===== Supplied information

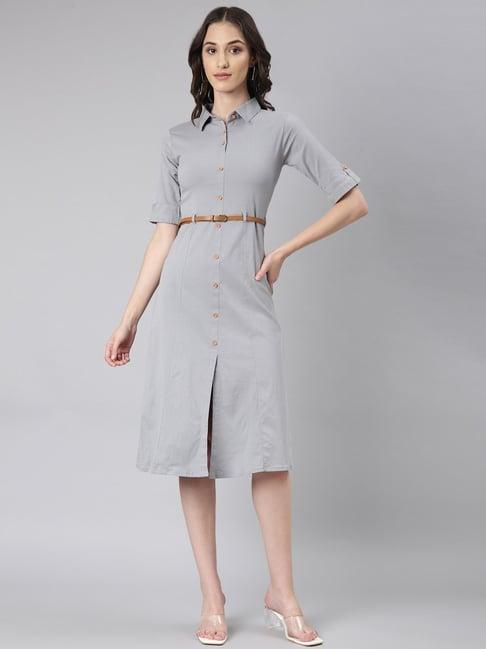 showoff grey regular fit shirt dress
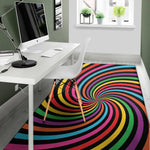 Rainbow Psychedelic Swirl Print Area Rug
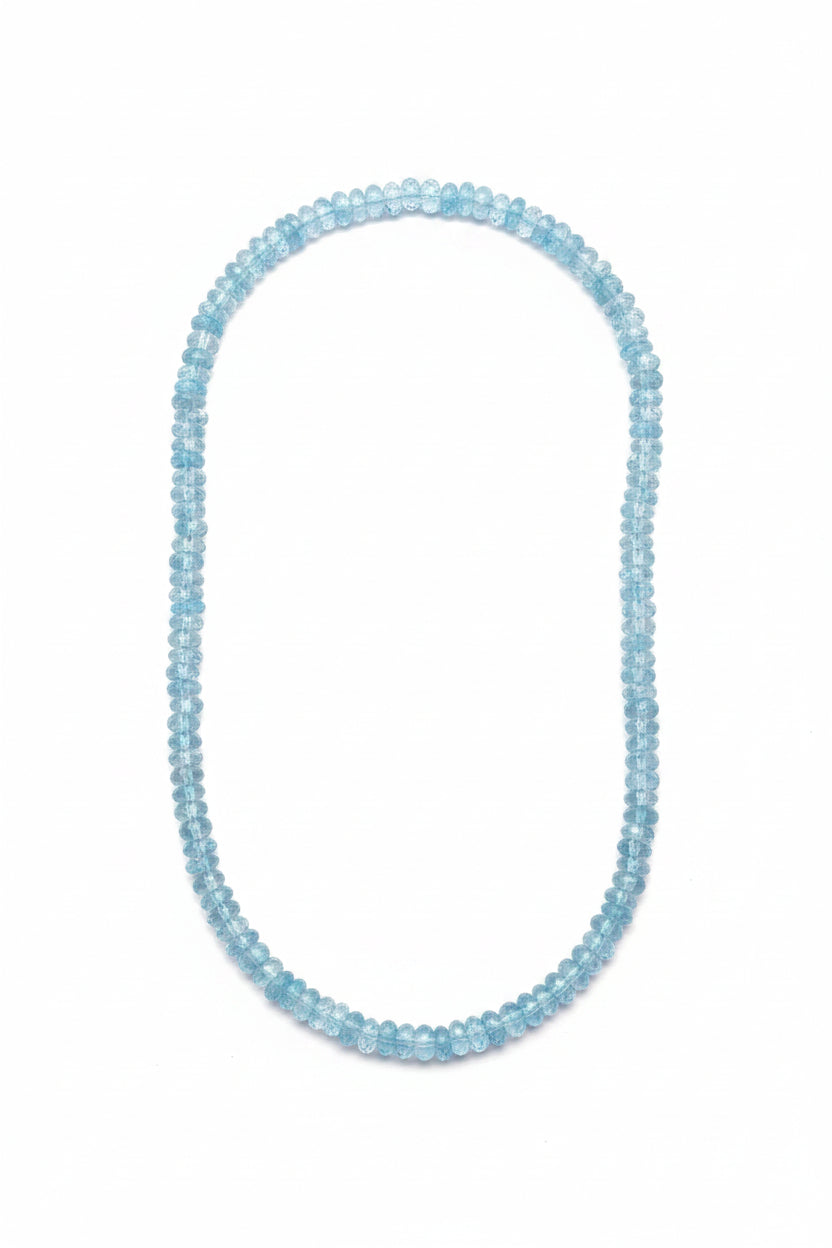 Natural Blue Topaz Faceted Button Shape Beads Necklace Gemstone - ManiMonk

==========

## What you should do:
A faithful, picture-free copy of the material is what this task asks for.

## Solution:
 showoff grey regular fit shirt dress
 Rainbow Psychedelic Swirl Print Area Rug
 Natural Blue Topaz Faceted Button Shape Beads Necklace Gemstone - ManiMonk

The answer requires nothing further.